━━ PROVIDED DATA ━━

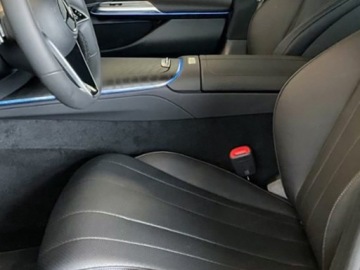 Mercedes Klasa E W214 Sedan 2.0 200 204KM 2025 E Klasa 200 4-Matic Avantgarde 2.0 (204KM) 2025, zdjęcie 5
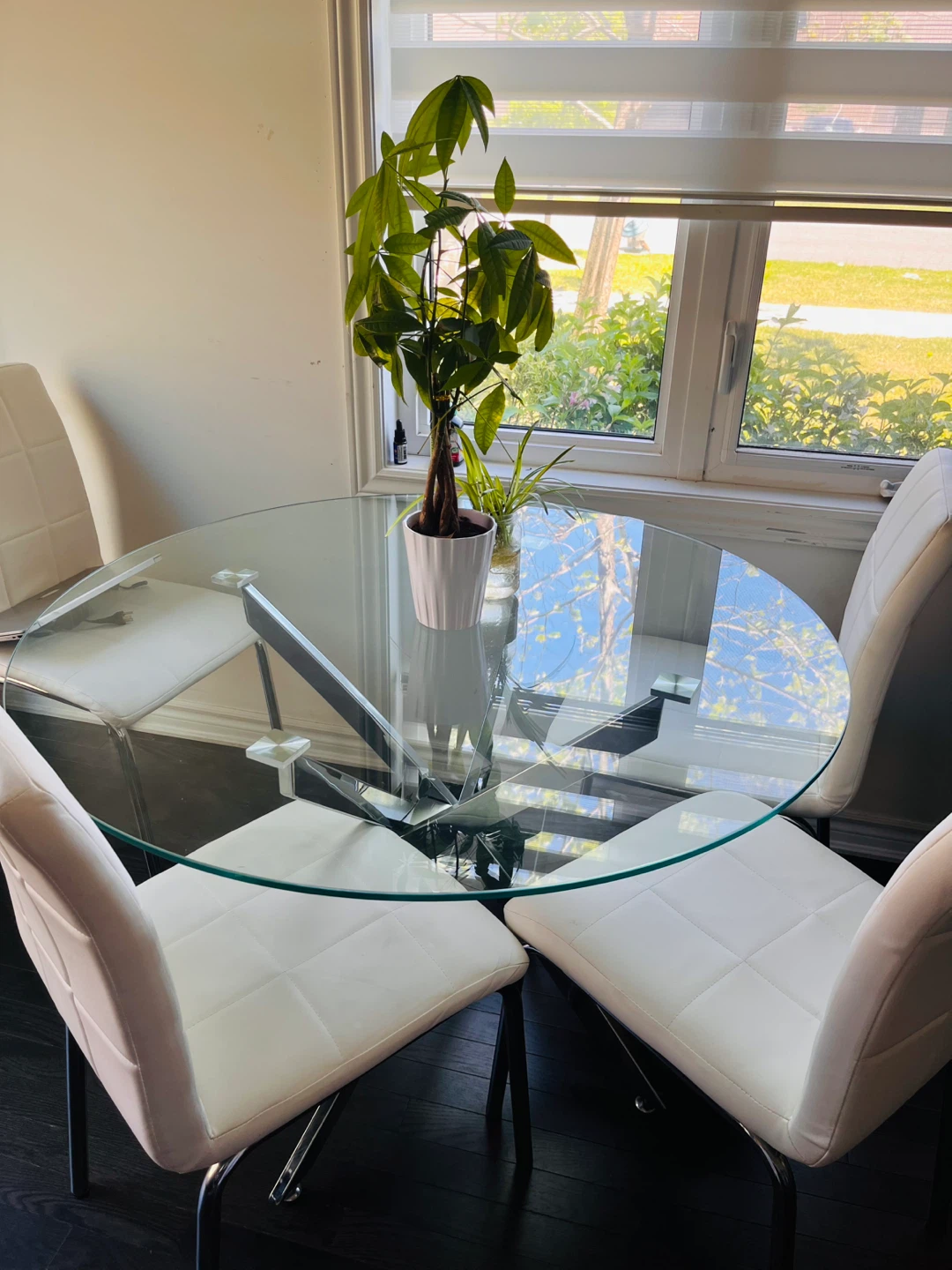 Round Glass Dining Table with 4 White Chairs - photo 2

━━━
━━ PROVIDED DATA ━━

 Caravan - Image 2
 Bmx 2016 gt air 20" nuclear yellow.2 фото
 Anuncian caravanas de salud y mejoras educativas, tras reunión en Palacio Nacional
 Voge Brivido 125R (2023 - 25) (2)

━━━
━━ PROVIDED DATA ━━

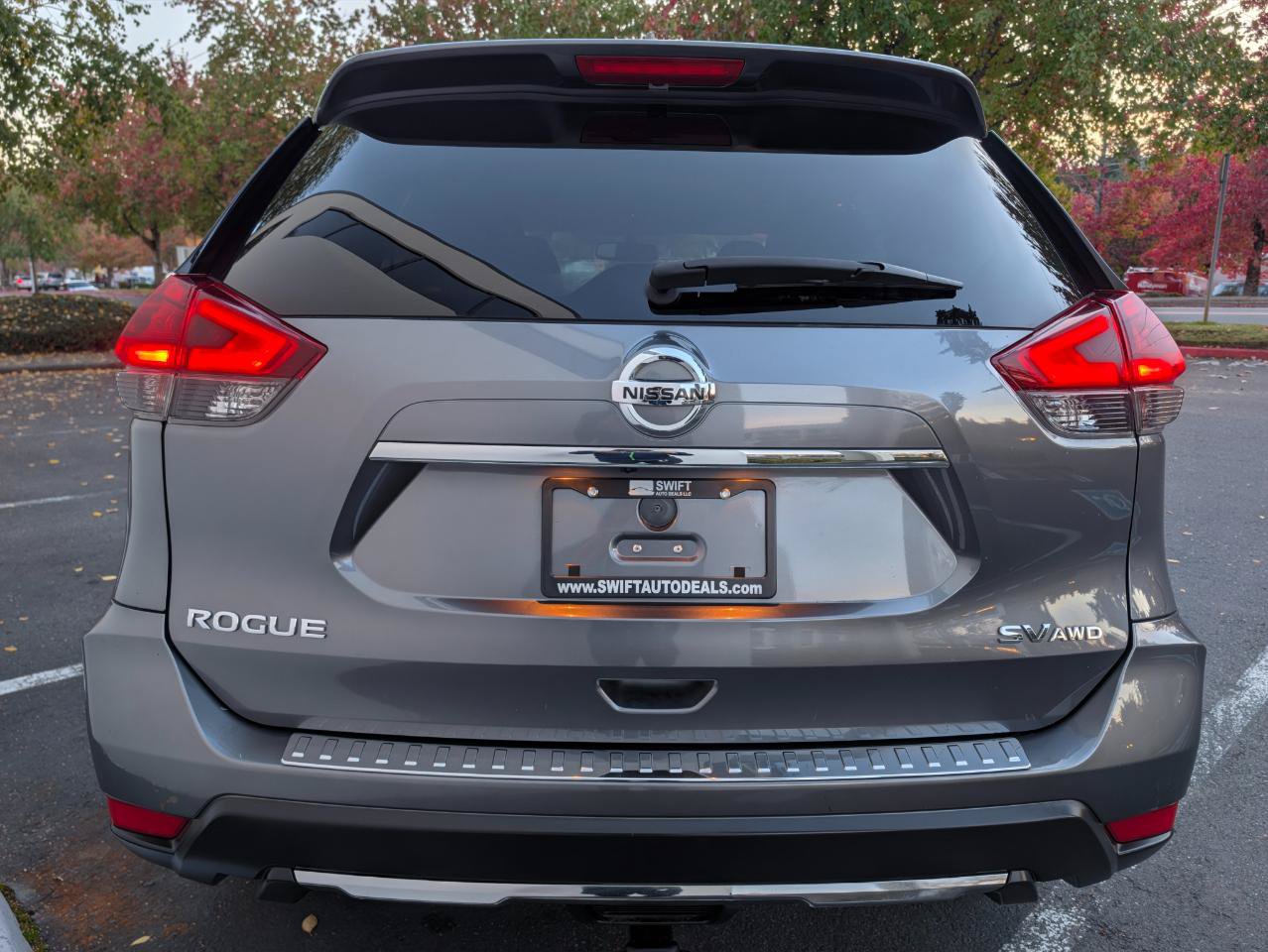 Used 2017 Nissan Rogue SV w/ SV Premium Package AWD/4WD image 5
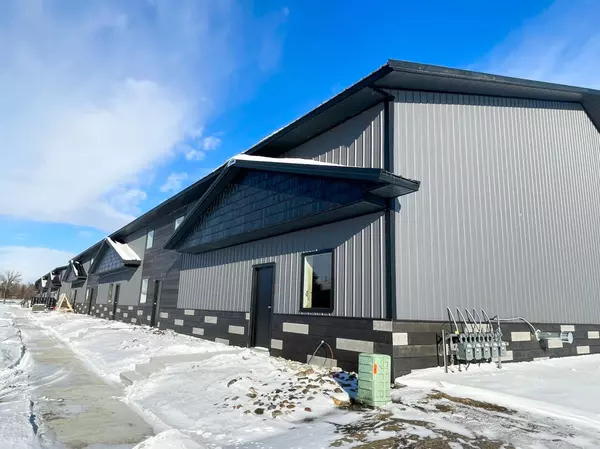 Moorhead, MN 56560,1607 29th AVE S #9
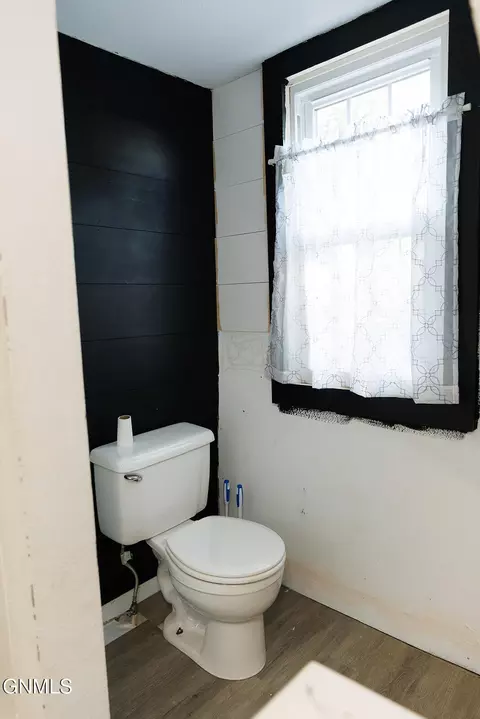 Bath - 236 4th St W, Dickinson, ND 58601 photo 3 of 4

━━━

Everything above from the line containing "Mercedes Klasa E" through the line containing "Round Glass Dining" must be repeated exactly, and the pictures must be left out.

TASK RESULT
 Mercedes Klasa E W214 Sedan 2.0 200 204KM 2025 E Klasa 200 4-Matic Avantgarde 2.0 (204KM) 2025, zdjęcie 5
 Round Glass Dining Table with 4 White Chairs - photo 2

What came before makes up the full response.